* Task details
Down to the last line, print the data that follows exactly, without its pictures.

* Scraped caption text data
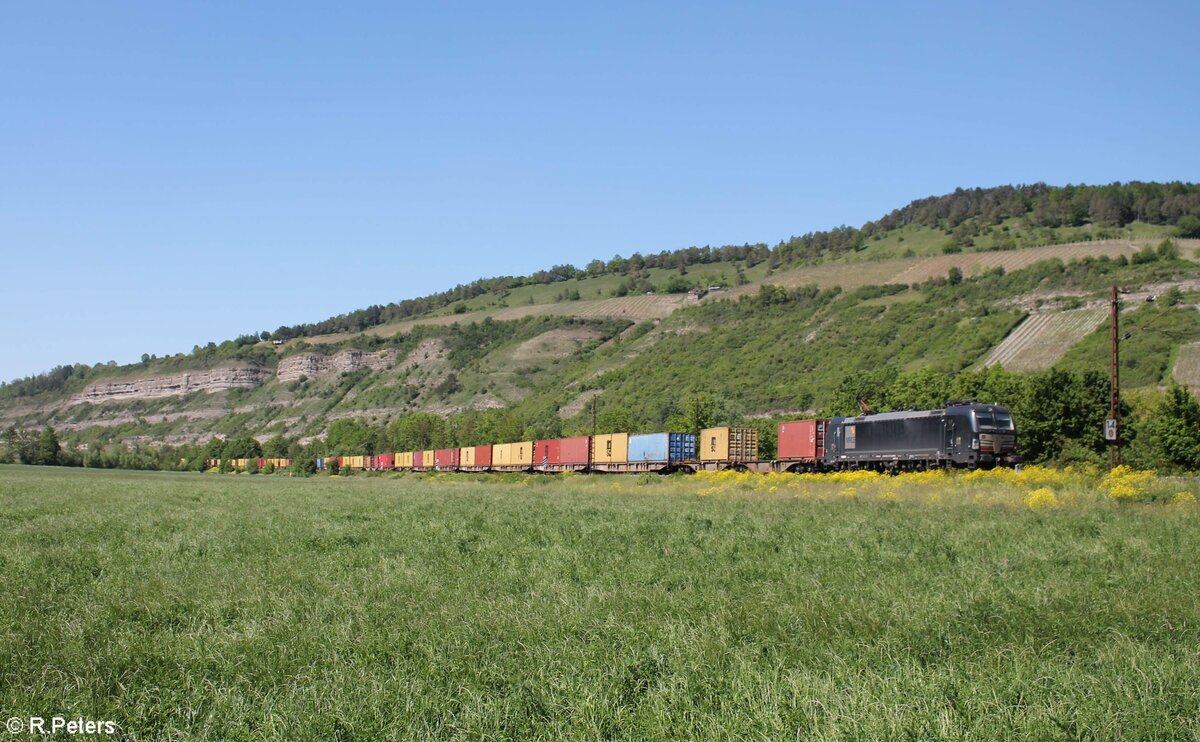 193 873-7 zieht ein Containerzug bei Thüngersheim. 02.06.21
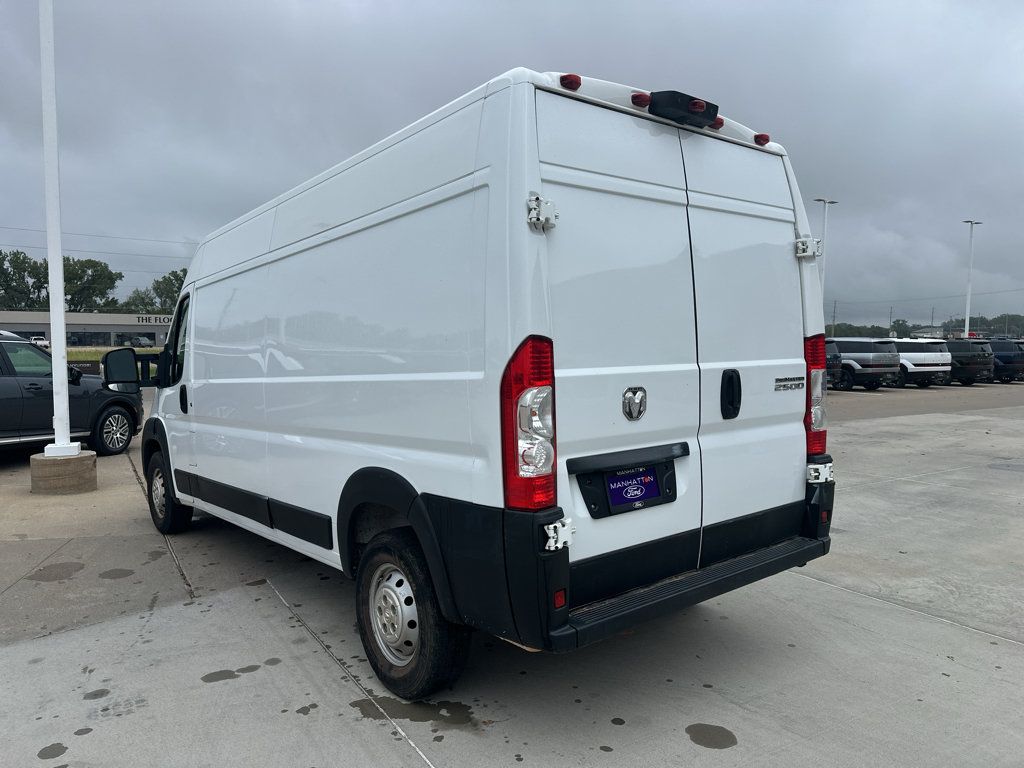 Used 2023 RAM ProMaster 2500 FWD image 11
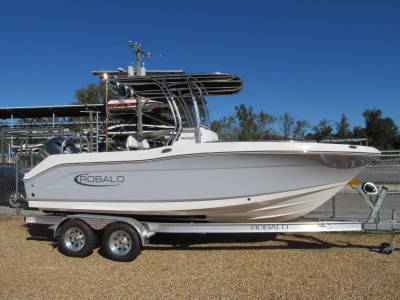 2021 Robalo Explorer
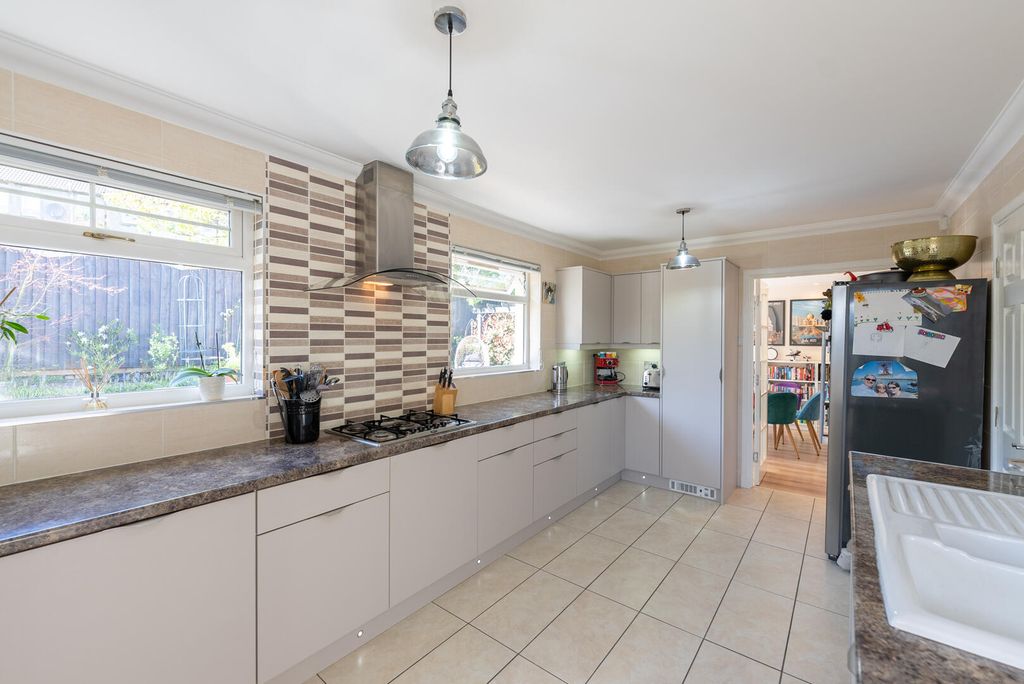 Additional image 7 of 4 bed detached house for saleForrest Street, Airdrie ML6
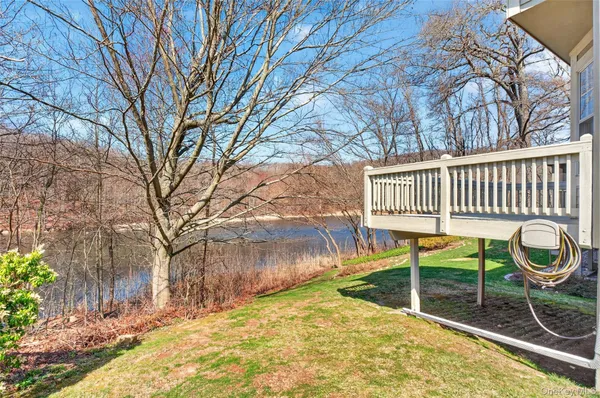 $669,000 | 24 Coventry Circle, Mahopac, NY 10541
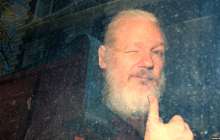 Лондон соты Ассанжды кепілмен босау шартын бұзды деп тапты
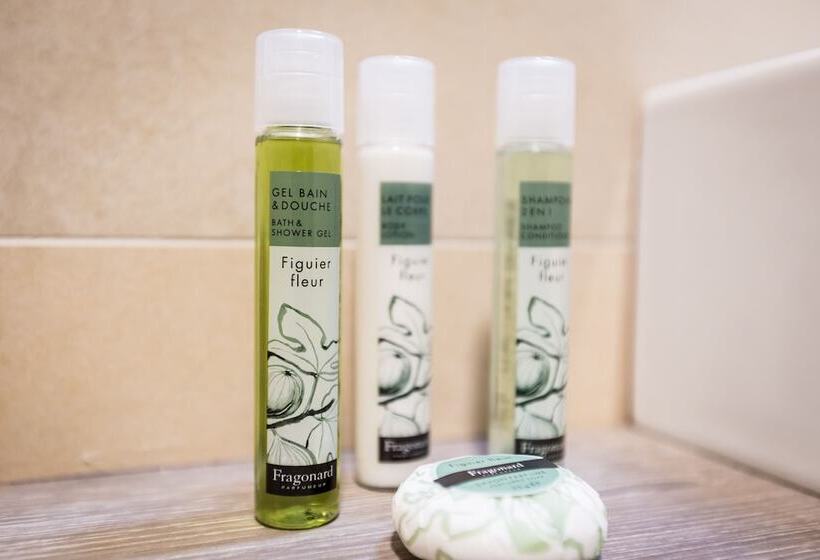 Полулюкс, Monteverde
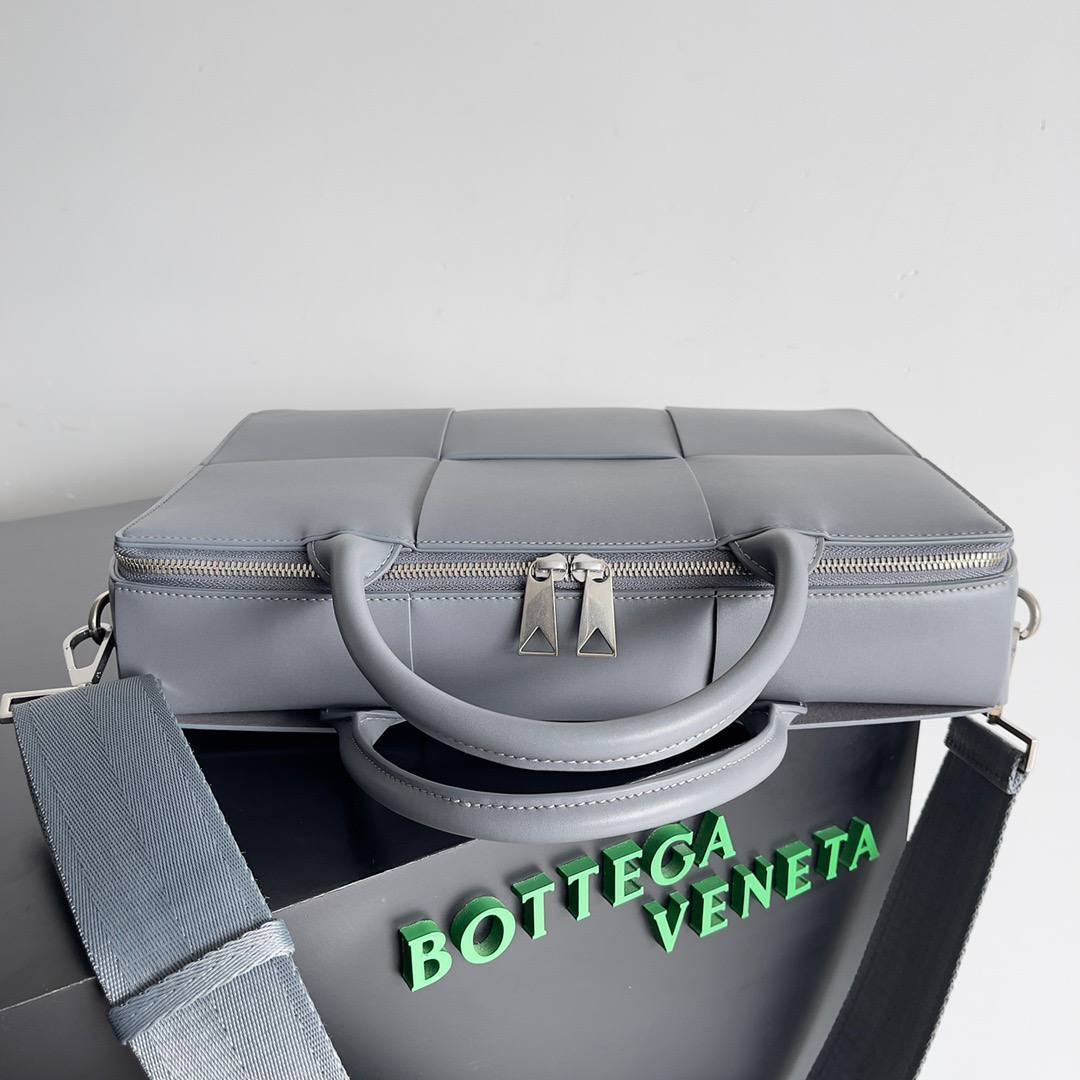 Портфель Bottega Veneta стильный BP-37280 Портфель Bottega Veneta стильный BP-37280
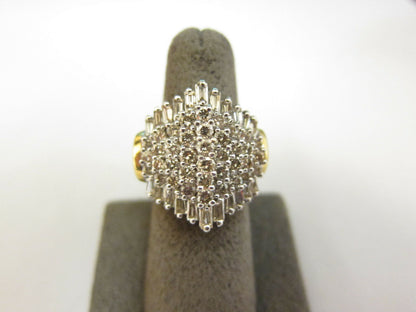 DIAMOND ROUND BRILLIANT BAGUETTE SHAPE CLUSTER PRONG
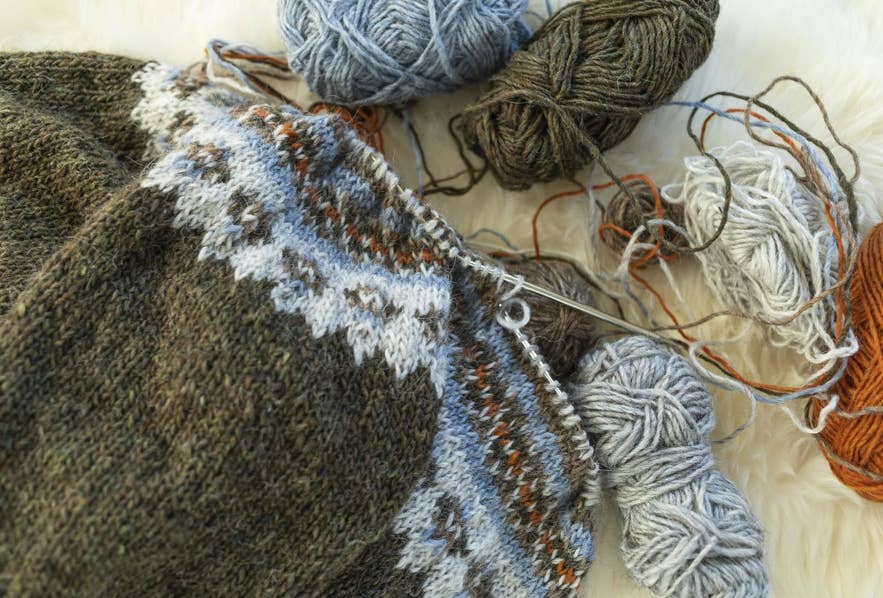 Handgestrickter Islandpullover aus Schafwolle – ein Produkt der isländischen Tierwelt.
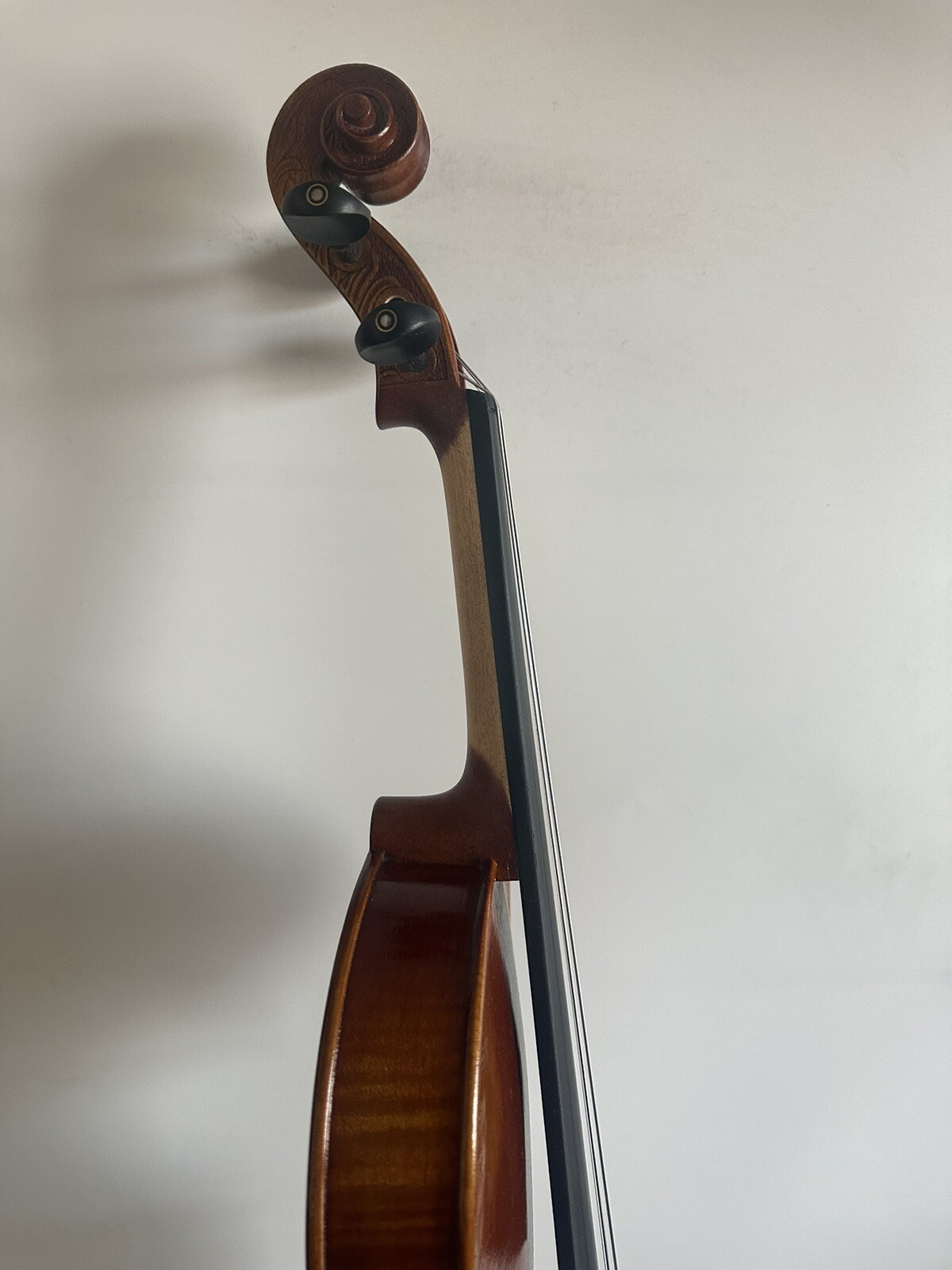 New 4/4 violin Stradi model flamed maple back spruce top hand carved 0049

* Task result
 193 873-7 zieht ein Containerzug bei Thüngersheim. 02.06.21
 Used 2023 RAM ProMaster 2500 FWD image 11
 2021 Robalo Explorer
 Additional image 7 of 4 bed detached house for saleForrest Street, Airdrie ML6
 $669,000 | 24 Coventry Circle, Mahopac, NY 10541
 Лондон соты Ассанжды кепілмен босау шартын бұзды деп тапты
 Полулюкс, Monteverde
 Портфель Bottega Veneta стильный BP-37280 Портфель Bottega Veneta стильный BP-37280
 DIAMOND ROUND BRILLIANT BAGUETTE SHAPE CLUSTER PRONG
 Handgestrickter Islandpullover aus Schafwolle – ein Produkt der isländischen Tierwelt.
 New 4/4 violin Stradi model flamed maple back spruce top hand carved 0049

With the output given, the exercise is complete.